## Task to carry out
Exact copies of all the lines below are required.

*** Opening Exercise inputs ***

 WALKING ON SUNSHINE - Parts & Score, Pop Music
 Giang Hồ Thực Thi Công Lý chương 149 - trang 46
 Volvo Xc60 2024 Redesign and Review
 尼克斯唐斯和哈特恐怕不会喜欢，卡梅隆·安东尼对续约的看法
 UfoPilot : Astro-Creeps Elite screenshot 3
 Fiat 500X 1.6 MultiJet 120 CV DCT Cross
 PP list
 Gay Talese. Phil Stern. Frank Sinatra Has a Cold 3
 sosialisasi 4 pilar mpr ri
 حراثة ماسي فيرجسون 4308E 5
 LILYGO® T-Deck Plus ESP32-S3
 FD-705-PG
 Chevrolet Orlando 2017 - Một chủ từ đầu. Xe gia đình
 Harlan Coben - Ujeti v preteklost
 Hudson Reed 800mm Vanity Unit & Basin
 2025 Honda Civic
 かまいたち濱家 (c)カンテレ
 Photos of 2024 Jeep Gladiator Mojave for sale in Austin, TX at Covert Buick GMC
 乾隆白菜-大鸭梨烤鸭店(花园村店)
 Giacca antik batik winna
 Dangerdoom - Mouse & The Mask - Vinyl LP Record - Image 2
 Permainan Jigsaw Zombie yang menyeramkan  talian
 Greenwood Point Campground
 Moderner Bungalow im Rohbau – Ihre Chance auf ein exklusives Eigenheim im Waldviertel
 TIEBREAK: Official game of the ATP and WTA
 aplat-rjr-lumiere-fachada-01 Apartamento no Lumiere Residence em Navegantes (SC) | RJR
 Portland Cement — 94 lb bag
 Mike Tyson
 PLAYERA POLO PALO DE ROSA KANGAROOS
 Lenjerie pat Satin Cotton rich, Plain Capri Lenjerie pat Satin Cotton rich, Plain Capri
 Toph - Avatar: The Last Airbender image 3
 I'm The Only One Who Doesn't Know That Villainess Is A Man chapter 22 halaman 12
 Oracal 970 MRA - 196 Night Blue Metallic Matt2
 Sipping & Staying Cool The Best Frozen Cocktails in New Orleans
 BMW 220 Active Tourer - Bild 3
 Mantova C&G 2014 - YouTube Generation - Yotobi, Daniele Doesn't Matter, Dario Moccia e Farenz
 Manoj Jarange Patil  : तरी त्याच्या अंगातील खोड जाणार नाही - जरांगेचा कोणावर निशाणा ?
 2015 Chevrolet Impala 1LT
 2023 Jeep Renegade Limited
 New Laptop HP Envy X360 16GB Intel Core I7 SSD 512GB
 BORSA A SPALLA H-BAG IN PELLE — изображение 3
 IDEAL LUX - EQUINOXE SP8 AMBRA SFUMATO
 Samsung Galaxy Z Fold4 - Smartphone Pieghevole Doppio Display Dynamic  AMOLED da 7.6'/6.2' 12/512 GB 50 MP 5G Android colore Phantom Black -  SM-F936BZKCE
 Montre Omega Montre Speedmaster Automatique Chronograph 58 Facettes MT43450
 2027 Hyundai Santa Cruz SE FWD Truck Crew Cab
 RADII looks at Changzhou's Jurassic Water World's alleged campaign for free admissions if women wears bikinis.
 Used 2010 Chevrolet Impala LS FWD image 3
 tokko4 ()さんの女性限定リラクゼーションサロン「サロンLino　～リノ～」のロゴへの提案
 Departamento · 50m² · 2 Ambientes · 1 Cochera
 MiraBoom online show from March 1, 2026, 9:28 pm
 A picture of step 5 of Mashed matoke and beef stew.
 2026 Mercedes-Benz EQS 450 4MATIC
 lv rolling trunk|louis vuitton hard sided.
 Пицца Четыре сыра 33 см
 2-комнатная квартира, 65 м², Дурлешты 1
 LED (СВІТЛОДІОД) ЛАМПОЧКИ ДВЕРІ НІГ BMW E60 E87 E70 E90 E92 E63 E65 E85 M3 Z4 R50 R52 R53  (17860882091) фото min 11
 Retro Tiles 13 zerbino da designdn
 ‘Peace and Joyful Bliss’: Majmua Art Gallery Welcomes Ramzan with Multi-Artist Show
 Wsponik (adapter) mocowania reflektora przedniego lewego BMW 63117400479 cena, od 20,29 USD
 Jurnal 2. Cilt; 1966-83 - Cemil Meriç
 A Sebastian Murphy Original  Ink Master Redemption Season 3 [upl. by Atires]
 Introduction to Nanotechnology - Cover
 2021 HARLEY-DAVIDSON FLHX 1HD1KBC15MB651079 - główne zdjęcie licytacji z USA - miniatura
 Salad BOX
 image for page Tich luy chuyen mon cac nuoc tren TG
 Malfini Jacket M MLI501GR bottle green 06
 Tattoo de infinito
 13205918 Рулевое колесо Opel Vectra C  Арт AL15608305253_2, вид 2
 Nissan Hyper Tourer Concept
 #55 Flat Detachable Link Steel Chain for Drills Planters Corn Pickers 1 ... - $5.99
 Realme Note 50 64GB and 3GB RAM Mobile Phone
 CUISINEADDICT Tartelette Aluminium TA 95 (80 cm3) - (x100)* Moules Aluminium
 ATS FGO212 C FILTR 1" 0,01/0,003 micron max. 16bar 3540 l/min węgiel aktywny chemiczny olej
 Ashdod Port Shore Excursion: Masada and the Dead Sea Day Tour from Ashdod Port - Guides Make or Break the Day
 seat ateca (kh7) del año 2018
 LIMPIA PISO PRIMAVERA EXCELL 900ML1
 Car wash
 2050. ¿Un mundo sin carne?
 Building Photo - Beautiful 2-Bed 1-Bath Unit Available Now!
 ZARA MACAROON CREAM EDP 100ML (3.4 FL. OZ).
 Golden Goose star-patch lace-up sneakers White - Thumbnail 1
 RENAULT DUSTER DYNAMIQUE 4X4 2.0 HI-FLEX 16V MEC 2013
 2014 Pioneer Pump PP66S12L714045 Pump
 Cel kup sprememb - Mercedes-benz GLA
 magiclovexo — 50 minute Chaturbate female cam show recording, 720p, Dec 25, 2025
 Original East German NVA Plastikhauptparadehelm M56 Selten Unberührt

*** Closing Exercise inputs ***

## The completed task
 WALKING ON SUNSHINE - Parts & Score, Pop Music
 Giang Hồ Thực Thi Công Lý chương 149 - trang 46
 Volvo Xc60 2024 Redesign and Review
 尼克斯唐斯和哈特恐怕不会喜欢，卡梅隆·安东尼对续约的看法
 UfoPilot : Astro-Creeps Elite screenshot 3
 Fiat 500X 1.6 MultiJet 120 CV DCT Cross
 PP list
 Gay Talese. Phil Stern. Frank Sinatra Has a Cold 3
 sosialisasi 4 pilar mpr ri
 حراثة ماسي فيرجسون 4308E 5
 LILYGO® T-Deck Plus ESP32-S3
 FD-705-PG
 Chevrolet Orlando 2017 - Một chủ từ đầu. Xe gia đình
 Harlan Coben - Ujeti v preteklost
 Hudson Reed 800mm Vanity Unit & Basin
 2025 Honda Civic
 かまいたち濱家 (c)カンテレ
 Photos of 2024 Jeep Gladiator Mojave for sale in Austin, TX at Covert Buick GMC
 乾隆白菜-大鸭梨烤鸭店(花园村店)
 Giacca antik batik winna
 Dangerdoom - Mouse & The Mask - Vinyl LP Record - Image 2
 Permainan Jigsaw Zombie yang menyeramkan  talian
 Greenwood Point Campground
 Moderner Bungalow im Rohbau – Ihre Chance auf ein exklusives Eigenheim im Waldviertel
 TIEBREAK: Official game of the ATP and WTA
 aplat-rjr-lumiere-fachada-01 Apartamento no Lumiere Residence em Navegantes (SC) | RJR
 Portland Cement — 94 lb bag
 Mike Tyson
 PLAYERA POLO PALO DE ROSA KANGAROOS
 Lenjerie pat Satin Cotton rich, Plain Capri Lenjerie pat Satin Cotton rich, Plain Capri
 Toph - Avatar: The Last Airbender image 3
 I'm The Only One Who Doesn't Know That Villainess Is A Man chapter 22 halaman 12
 Oracal 970 MRA - 196 Night Blue Metallic Matt2
 Sipping & Staying Cool The Best Frozen Cocktails in New Orleans
 BMW 220 Active Tourer - Bild 3
 Mantova C&G 2014 - YouTube Generation - Yotobi, Daniele Doesn't Matter, Dario Moccia e Farenz
 Manoj Jarange Patil  : तरी त्याच्या अंगातील खोड जाणार नाही - जरांगेचा कोणावर निशाणा ?
 2015 Chevrolet Impala 1LT
 2023 Jeep Renegade Limited
 New Laptop HP Envy X360 16GB Intel Core I7 SSD 512GB
 BORSA A SPALLA H-BAG IN PELLE — изображение 3
 IDEAL LUX - EQUINOXE SP8 AMBRA SFUMATO
 Samsung Galaxy Z Fold4 - Smartphone Pieghevole Doppio Display Dynamic  AMOLED da 7.6'/6.2' 12/512 GB 50 MP 5G Android colore Phantom Black -  SM-F936BZKCE
 Montre Omega Montre Speedmaster Automatique Chronograph 58 Facettes MT43450
 2027 Hyundai Santa Cruz SE FWD Truck Crew Cab
 RADII looks at Changzhou's Jurassic Water World's alleged campaign for free admissions if women wears bikinis.
 Used 2010 Chevrolet Impala LS FWD image 3
 tokko4 ()さんの女性限定リラクゼーションサロン「サロンLino　～リノ～」のロゴへの提案
 Departamento · 50m² · 2 Ambientes · 1 Cochera
 MiraBoom online show from March 1, 2026, 9:28 pm
 A picture of step 5 of Mashed matoke and beef stew.
 2026 Mercedes-Benz EQS 450 4MATIC
 lv rolling trunk|louis vuitton hard sided.
 Пицца Четыре сыра 33 см
 2-комнатная квартира, 65 м², Дурлешты 1
 LED (СВІТЛОДІОД) ЛАМПОЧКИ ДВЕРІ НІГ BMW E60 E87 E70 E90 E92 E63 E65 E85 M3 Z4 R50 R52 R53  (17860882091) фото min 11
 Retro Tiles 13 zerbino da designdn
 ‘Peace and Joyful Bliss’: Majmua Art Gallery Welcomes Ramzan with Multi-Artist Show
 Wsponik (adapter) mocowania reflektora przedniego lewego BMW 63117400479 cena, od 20,29 USD
 Jurnal 2. Cilt; 1966-83 - Cemil Meriç
 A Sebastian Murphy Original  Ink Master Redemption Season 3 [upl. by Atires]
 Introduction to Nanotechnology - Cover
 2021 HARLEY-DAVIDSON FLHX 1HD1KBC15MB651079 - główne zdjęcie licytacji z USA - miniatura
 Salad BOX
 image for page Tich luy chuyen mon cac nuoc tren TG
 Malfini Jacket M MLI501GR bottle green 06
 Tattoo de infinito
 13205918 Рулевое колесо Opel Vectra C  Арт AL15608305253_2, вид 2
 Nissan Hyper Tourer Concept
 #55 Flat Detachable Link Steel Chain for Drills Planters Corn Pickers 1 ... - $5.99
 Realme Note 50 64GB and 3GB RAM Mobile Phone
 CUISINEADDICT Tartelette Aluminium TA 95 (80 cm3) - (x100)* Moules Aluminium
 ATS FGO212 C FILTR 1" 0,01/0,003 micron max. 16bar 3540 l/min węgiel aktywny chemiczny olej
 Ashdod Port Shore Excursion: Masada and the Dead Sea Day Tour from Ashdod Port - Guides Make or Break the Day
 seat ateca (kh7) del año 2018
 LIMPIA PISO PRIMAVERA EXCELL 900ML1
 Car wash
 2050. ¿Un mundo sin carne?
 Building Photo - Beautiful 2-Bed 1-Bath Unit Available Now!
 ZARA MACAROON CREAM EDP 100ML (3.4 FL. OZ).
 Golden Goose star-patch lace-up sneakers White - Thumbnail 1
 RENAULT DUSTER DYNAMIQUE 4X4 2.0 HI-FLEX 16V MEC 2013
 2014 Pioneer Pump PP66S12L714045 Pump
 Cel kup sprememb - Mercedes-benz GLA
 magiclovexo — 50 minute Chaturbate female cam show recording, 720p, Dec 25, 2025
 Original East German NVA Plastikhauptparadehelm M56 Selten Unberührt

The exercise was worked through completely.